Fix apiQuery splice: use match index instead of String.replace()

shouze · shouze · commit a5b281511608 · 2026-03-13T10:08:50.000+01:00
String.replace(raw, term) replaces the first *substring* occurrence of raw,
which can target the wrong position when the same text appears earlier in the
query as a non-token prefix (e.g. '/useState/iSomething /useState/i' — the
string '/useState/i' is a substring of the first token but the actual matched
token is the second one).

Fix:
- Add `index: number` to RegexToken, storing the exact start position of the
  token within the original query (computed from m.index + leading-space offset).
- Use slice-based splice in buildApiQuery():
    q.slice(0, index) + term + q.slice(index + raw.length)
  This replaces only the boundary-validated token at its exact location,
  regardless of whether the same raw text appears elsewhere.

Regression test added:
  '/useState/iSomething /useState/i' → '/useState/iSomething useState'
diff --git a/src/regex.test.ts b/src/regex.test.ts
@@ -153,6 +153,16 @@ describe("buildApiQuery — qualifier preservation", () => {
     expect(r.regexFilter).not.toBeNull();
     expect(r.warn).toBeUndefined();
   });
+
+  it("replaces the matched token when the same raw text appears earlier as a prefix substring", () => {
+    // Regression: '/useState/i' is a substring of '/useState/iSomething' (not a
+    // valid token — fails boundary check). q.replace(raw, term) would wrongly
+    // replace the first occurrence inside the non-token prefix. The splice must
+    // target only the index-validated token.
+    const r = buildApiQuery("/useState/iSomething /useState/i");
+    expect(r.apiQuery).toBe("/useState/iSomething useState");
+    expect(r.regexFilter).not.toBeNull();
+  });
 });
 
 describe("buildApiQuery — flags", () => {
diff --git a/src/regex.ts b/src/regex.ts
@@ -41,7 +41,7 @@ export function buildApiQuery(q: string): {
   //   y (sticky)  — makes RegExp.test() stateful via lastIndex, causing false
   //                 negatives when the same instance is reused across fragments.
   // Both are intentionally removed; all other flags (i, m, s, d, v, …) are kept.
-  const { pattern, flags, raw } = token;
+  const { pattern, flags, raw, index } = token;
   const safeFlags = flags.replace(/[gy]/g, "");
   let regexFilter: RegExp | null = null;
   try {
@@ -60,10 +60,12 @@ export function buildApiQuery(q: string): {
   // Derive the API search term from the regex pattern.
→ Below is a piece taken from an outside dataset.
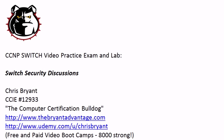Hey Bulldogs, Chris Bryant here. I've got a CCNP Switch video practice exam and lab for you, a little bit different than what we've done before.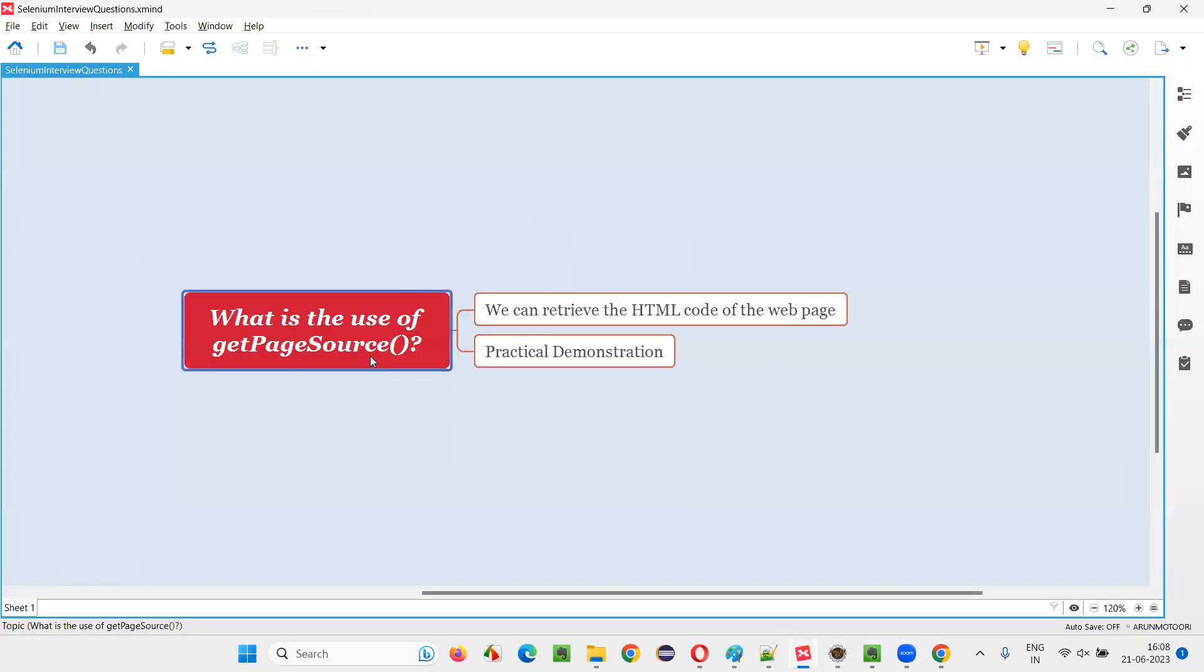So, hope you got the use and purpose of using this getPageSource command in Selenium WebDriver. That's all for this session. Thank you, bye-bye.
   const { term, warn } = extractApiTerm(pattern);
 
-  // Rebuild the API query by replacing the regex token in-place, preserving
-  // all other characters byte-for-byte — including quoted phrases (e.g.
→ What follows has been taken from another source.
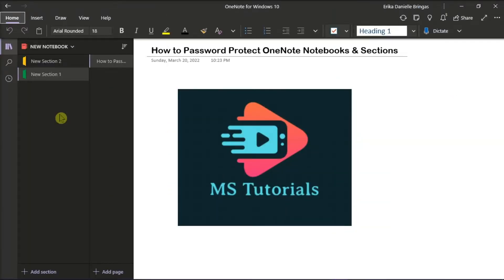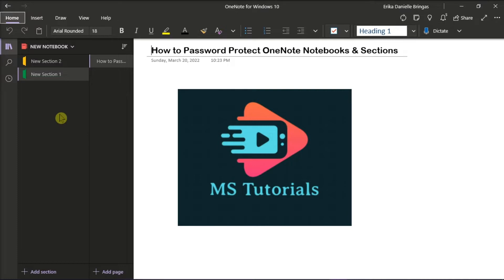There are a lot of great features in Microsoft OneNote application. One of those is the ability to secure your data by adding passwords to notebook sections or your notebooks. And to learn how you can enable this feature, keep watching this video.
-  // '"exact match" /pattern/') whose internal whitespace must not be split.
-  const apiQuery = q.replace(raw, term).trim();
+  // Rebuild the API query by splicing the derived term at the exact byte
+  // position of the matched token. Using q.replace(raw, term) would replace the
+  // first *substring* occurrence of `raw`, which may appear earlier in the query
+  // as a non-token prefix (e.g. inside a longer word). Using the stored index
+  // guarantees we replace only the boundary-validated token that was matched.
+  const apiQuery = (q.slice(0, index) + term + q.slice(index + raw.length)).trim();
 
   return { apiQuery, regexFilter, warn };
 }
@@ -77,6 +79,8 @@ interface RegexToken {
   pattern: string;
   /** Flags string (may be empty) */
   flags: string;
+  /** Start index of `raw` within the original query string. */
+  index: number;
 }
 
 /**
@@ -97,10 +101,14 @@ function extractRegexToken(q: string): RegexToken | null {
   const m = q.match(/(?:^|\s)(\/(?:[^/\\\r\n]|\\.)+\/[gimsuydv]*)(?=$|\s)/);
   if (!m || !m[1]) return null;
   const raw = m[1].trim();
+  // Compute the exact start position of the token within the original string.
+  // m.index is where the full match starts; the token (group 1) may be preceded
+  // by one whitespace character captured by (?:^|\s), hence the offset.
+  const tokenStart = m.index! + m[0].length - m[1].length;
   const lastSlash = raw.lastIndexOf("/");
   const pattern = raw.slice(1, lastSlash);
   const flags = raw.slice(lastSlash + 1);
-  return { raw, pattern, flags };
+  return { raw, pattern, flags, index: tokenStart };
 }
 
 /**